Para analisar o discurso predominante na mídia, é preciso observar as
expressões que ancoram a mensagem central, e em geral esse processo de indução
a certa interpretação dos fatos pode ser observado a partir de alguns pontos
fixos: a manchete, um editorial e um ou dois artigos; também se pode
acrescentar, eventualmente, a leitura de notas implantadas nas colunas de
política para complementar essa constatação.
Assim, pode-se observar que os jornais procuram relacionar o discurso da
posse presidencial ao reempacotamento de um velho produto, ou seja, tentam
grudar no governo que se inaugura uma etiqueta de validade vencida. Além disso,
os textos insistem em demonstrar um distanciamento entre a presidente que
assume o segundo mandato e o ex-presidente que a lançou na carreira política.
O fato de o ex-presidente Lula da Silva ter participado discretamente da
cerimônia de posse é apresentado como sinal de que alguma coisa não vai bem nas
relações entre eles. Para complementar essa versão, usa-se o artifício das
notas curtas que relatam descontentamentos nas bases do partido com algumas
nomeações para o ministério.
Também é interessante observar como
os jornais reduziram as citações do senador Aécio Neves, que até a semana
passada era apresentado como líder da oposição. Até o cariocaO Globo,
que nunca negou respaldo ao senador mineiro, o coloca em segundo plano.

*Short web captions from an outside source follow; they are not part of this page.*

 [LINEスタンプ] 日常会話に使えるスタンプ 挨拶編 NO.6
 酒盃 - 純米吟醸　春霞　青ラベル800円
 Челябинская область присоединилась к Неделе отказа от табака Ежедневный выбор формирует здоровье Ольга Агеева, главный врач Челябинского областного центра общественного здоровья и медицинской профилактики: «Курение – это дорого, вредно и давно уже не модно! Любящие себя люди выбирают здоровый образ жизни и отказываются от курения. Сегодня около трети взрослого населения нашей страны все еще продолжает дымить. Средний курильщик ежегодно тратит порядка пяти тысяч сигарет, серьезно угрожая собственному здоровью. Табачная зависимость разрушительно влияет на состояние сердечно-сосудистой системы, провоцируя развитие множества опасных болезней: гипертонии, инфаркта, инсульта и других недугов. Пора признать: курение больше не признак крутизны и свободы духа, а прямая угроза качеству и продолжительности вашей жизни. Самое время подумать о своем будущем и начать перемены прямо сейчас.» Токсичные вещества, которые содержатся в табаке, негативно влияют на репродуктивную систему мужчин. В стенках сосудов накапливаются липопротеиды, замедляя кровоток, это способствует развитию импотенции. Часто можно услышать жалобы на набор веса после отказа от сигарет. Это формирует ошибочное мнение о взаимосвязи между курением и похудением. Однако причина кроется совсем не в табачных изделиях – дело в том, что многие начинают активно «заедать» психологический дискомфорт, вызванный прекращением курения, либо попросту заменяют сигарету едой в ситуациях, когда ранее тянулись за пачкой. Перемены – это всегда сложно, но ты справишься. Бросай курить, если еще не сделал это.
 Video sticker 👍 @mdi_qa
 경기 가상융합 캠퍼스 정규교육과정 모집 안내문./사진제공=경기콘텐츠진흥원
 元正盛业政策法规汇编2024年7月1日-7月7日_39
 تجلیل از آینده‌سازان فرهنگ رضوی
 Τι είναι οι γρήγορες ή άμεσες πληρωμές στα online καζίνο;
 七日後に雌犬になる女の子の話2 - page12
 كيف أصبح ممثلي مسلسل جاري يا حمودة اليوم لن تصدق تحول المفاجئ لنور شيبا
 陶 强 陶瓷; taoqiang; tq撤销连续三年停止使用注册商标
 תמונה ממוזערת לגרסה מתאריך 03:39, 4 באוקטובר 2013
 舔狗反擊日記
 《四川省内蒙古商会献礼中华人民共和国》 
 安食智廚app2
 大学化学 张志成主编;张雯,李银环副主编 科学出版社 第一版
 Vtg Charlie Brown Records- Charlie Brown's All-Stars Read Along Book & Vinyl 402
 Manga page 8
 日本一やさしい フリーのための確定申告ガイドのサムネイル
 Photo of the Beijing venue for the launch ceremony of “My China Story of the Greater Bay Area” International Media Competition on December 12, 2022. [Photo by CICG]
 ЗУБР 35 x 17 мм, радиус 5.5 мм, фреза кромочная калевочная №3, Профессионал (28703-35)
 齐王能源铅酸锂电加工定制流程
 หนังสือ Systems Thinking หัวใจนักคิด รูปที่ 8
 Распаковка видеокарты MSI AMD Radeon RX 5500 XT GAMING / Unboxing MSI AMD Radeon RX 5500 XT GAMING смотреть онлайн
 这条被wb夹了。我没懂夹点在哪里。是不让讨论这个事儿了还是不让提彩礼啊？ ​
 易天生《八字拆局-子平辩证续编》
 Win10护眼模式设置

O
personagem principal da oposição, na nova versão da imprensa, é o governador
reeleito de São Paulo, Geraldo Alckmin.
O Estado de S. Paulo dedica
um longo texto à disputa entre os dois, mas afirma que Aécio personifica uma
“oposição selvagem”, lembra que sua passagem pelo Senado foi pouco expressiva,
enquanto apresenta Alckmin como o nome natural para disputar a presidência em
2018. Já a Folha de S. Paulo praticamente ignorou o senador
mineiro.
Terá mudado a imprensa ou a política?
Nem uma coisa nem outra: o que parece novo é apenas material reciclado.